Kuniomi Nagamatsu on the way to victory in the May 3, 1971 Japan Auto Federation Japanese Grand Prix at Fuji International Speedway aboard his Mitsubishi Colt F2D/F2000 R39B 2-litre.
He won the 35 lap, 225km race from his teammate Osamu Masuko in another F2D from then Japanese International Tetsu Ikuzawa’s Lotus 69 Ford FVC 1790cc in third place.
Nagamatsu’s win was the culmination of six years of Mitsubishi single-seater racing in Japan and Macau using Brabham chassis/copies thereof; the F2Ds are Brabham BT30 chassis in drag. Lower drag that is, the aero on these cars was the work of Mitsubishi’s aviation subsidiary.


The engines were home grown too. Initially production motors with the usual mix of increased bore, heads, carbs and cams but by 1971 Topsy was a 2-litre, twin-cam, four valve, fuel injected F2 engine that should have won the 1972 European F2 Championship if someone – how bout Bernie Ecclestone, having just acquired Brabham – had done a deal. Instead, Mitsubishi handbrake turned away from single-seaters and into the forests where they were already gaining international success…
See here:https://primotipo.com/2023/05/28/mitsubishi-competition-formative-days/


Who said high-airboxes were started by Tyrrell/Matra during 1971?
Ferrari gave it a whirl on Richie Ginther’s Ferrari 156 at Reims during practice for the 1961 French Grand Prix, he didn’t race with it, so presumably the jury was out as to its performance. That’s Carlo Chiti with the top of his head chopped off.
See here for high-airboxes:https://primotipo.com/2014/09/16/tyrrell-019-ford-1990-and-tyrrell-innovation/
And below in the LWB (it’s a joke folks) Ferrari 156 #0001 at Monaco on May 14 where he scored a rousing second place behind Mighty Moss in Rob Walker’s Lotus 18 Climax and in front of more-fancied teammates Phil Hill and Wolfgang von Trips. See here for the evolution of 246P to 156:https://primotipo.com/2015/10/04/monaco-panorama-1958/

And below Richie all, fast and loose in his competition debut at Sandberg Hillclimb on April 8, 1951. The car is Bill Cramer’s MG TC 2 Junior Ford V8, the poor little chassis would have been groaning at the seams…

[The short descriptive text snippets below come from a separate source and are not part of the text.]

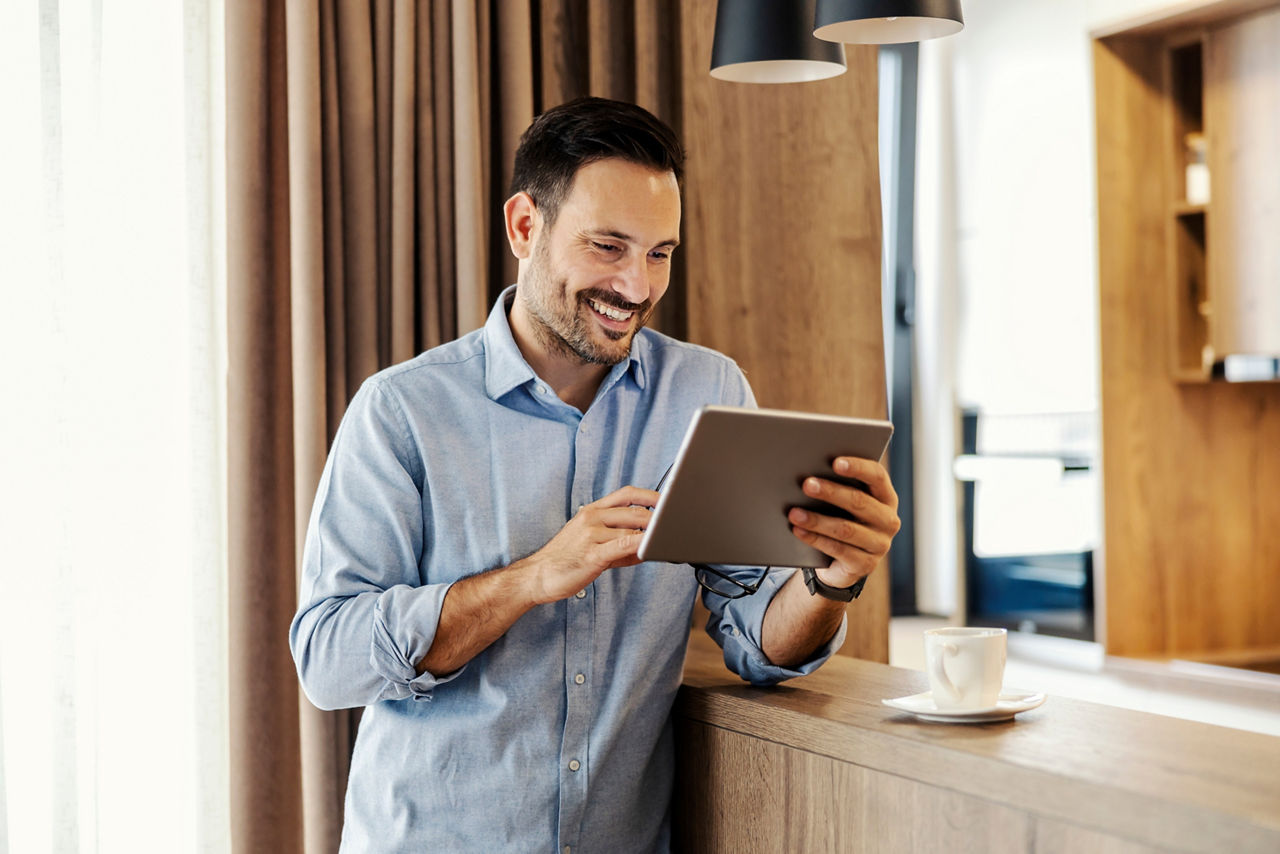 A man stands at home and reads e-mails on tablet while smiling at display.; Shutterstock ID 2280974995; purchase_order: Purchase Order: Website Atruvia Bilder; job: VTM Bildauswahl; client: ; other: 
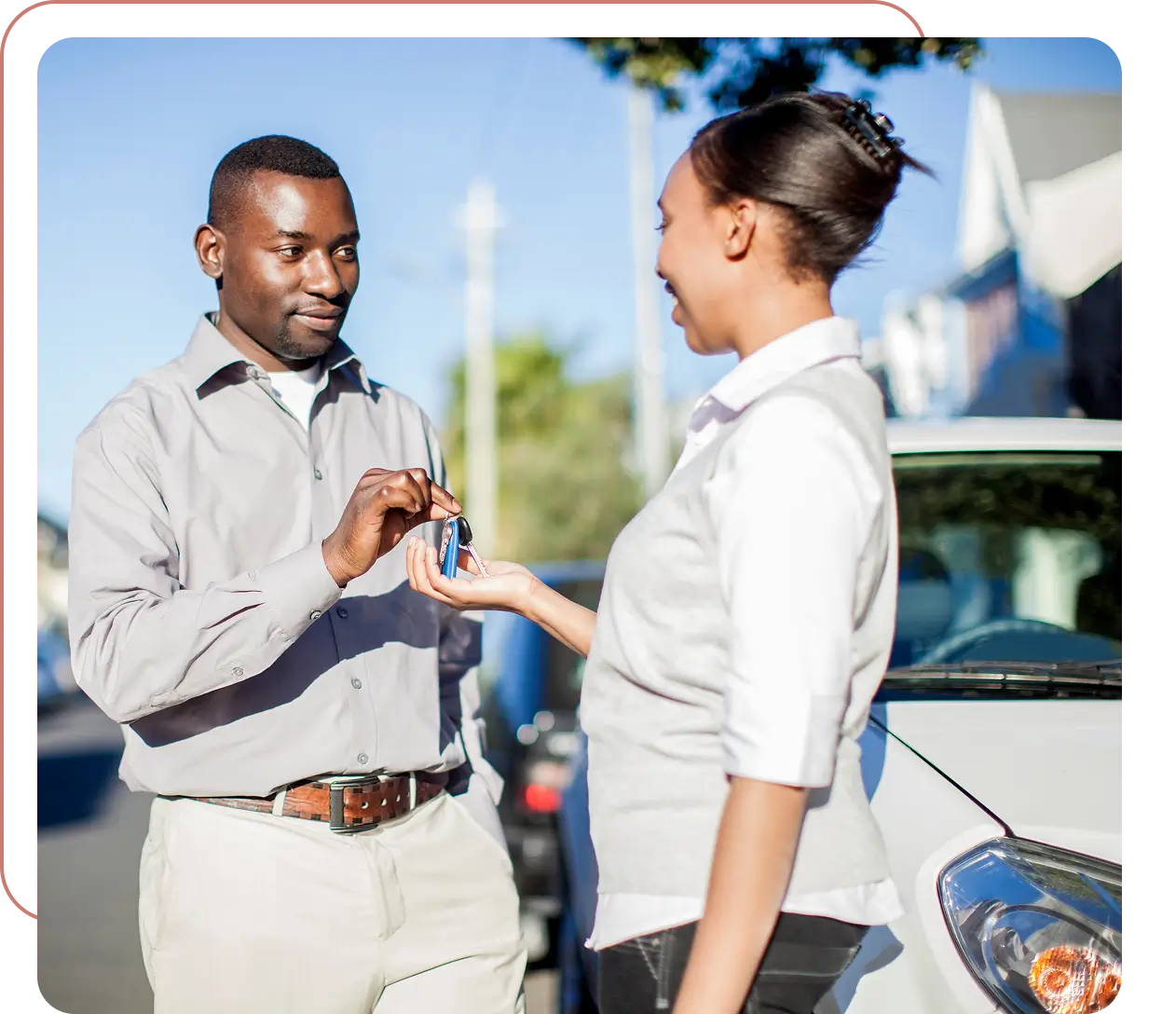 Man handing car keys to woman outside.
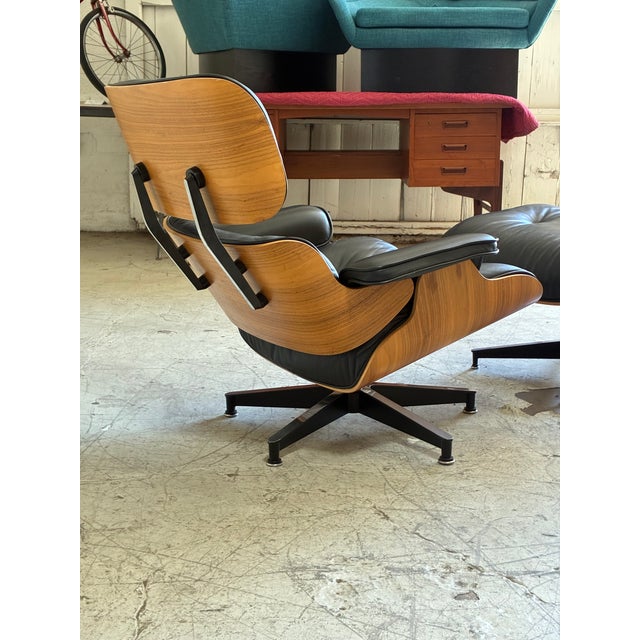 Vintage Herman Miller Charles Eames lounge chair and ottoman, featuring smooth black leather and molded walnut shell...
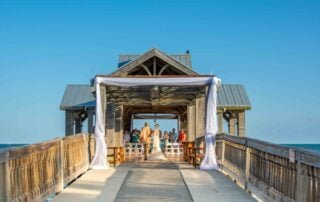 An enchanting wedding ceremony on a wooden pier in Florida, made even more memorable with the expertise of key west wedding planners.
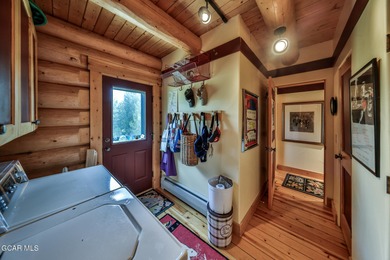 A True Log Cabin in the Woods! This beautiful log cabin has on Grand Lake Golf Course in Colorado - for sale on GolfHomes.com, golf home, golf lot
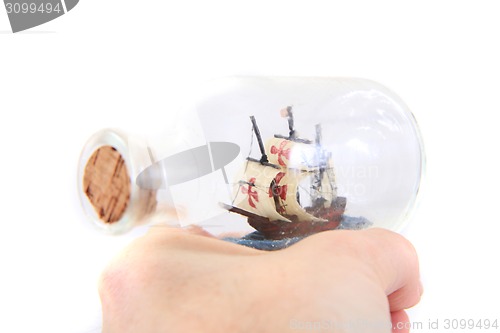 Image of small ship in human hand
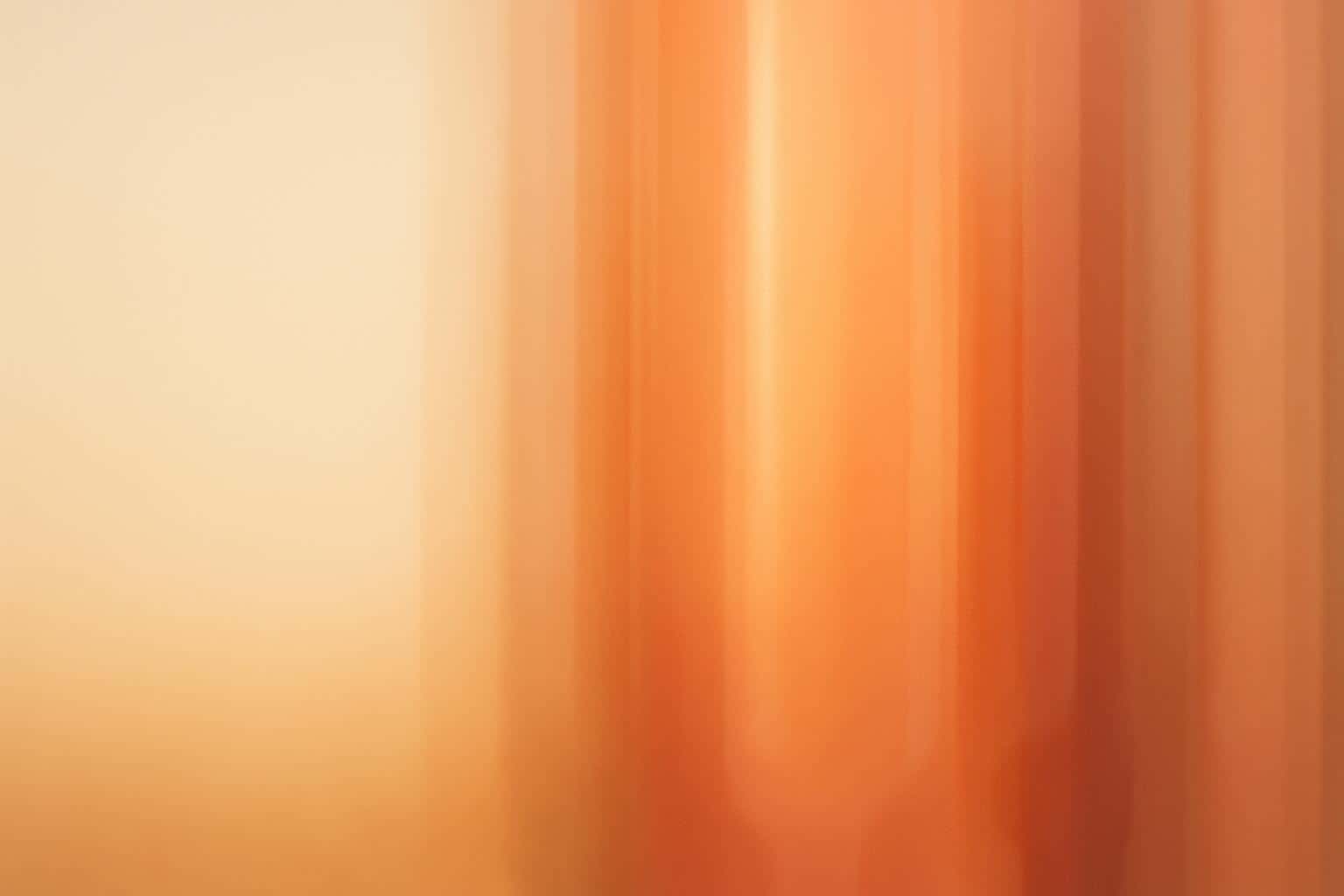 A 3:2 vertical abstract scene of softly blurred, translucent color columns in honey amber, soft coral and muted peach with layered depth, glossy vertical glints, and calm left negative space.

Brian Redman contesting the 1976 Teretonga International aboard a Fred Opert Chevron B29 BMW 2-litre Euro F2 car in the Rothmans International F5000 Series.
F5000’s greatest star was to race a RAM Racing F5000 but Fred Opert came to the rescue after they withdrew. Brian thrilled the Kiwis with his talent, he was equal fourth in the series with Graeme Lawrence’s Lola T332, Ken Smith won the four race series in his Lola T330/332 Chev.
Redman was fourth at Pukekohe, second at Manfield, DNF engine at Wigram and DNF wheel at Teretonga.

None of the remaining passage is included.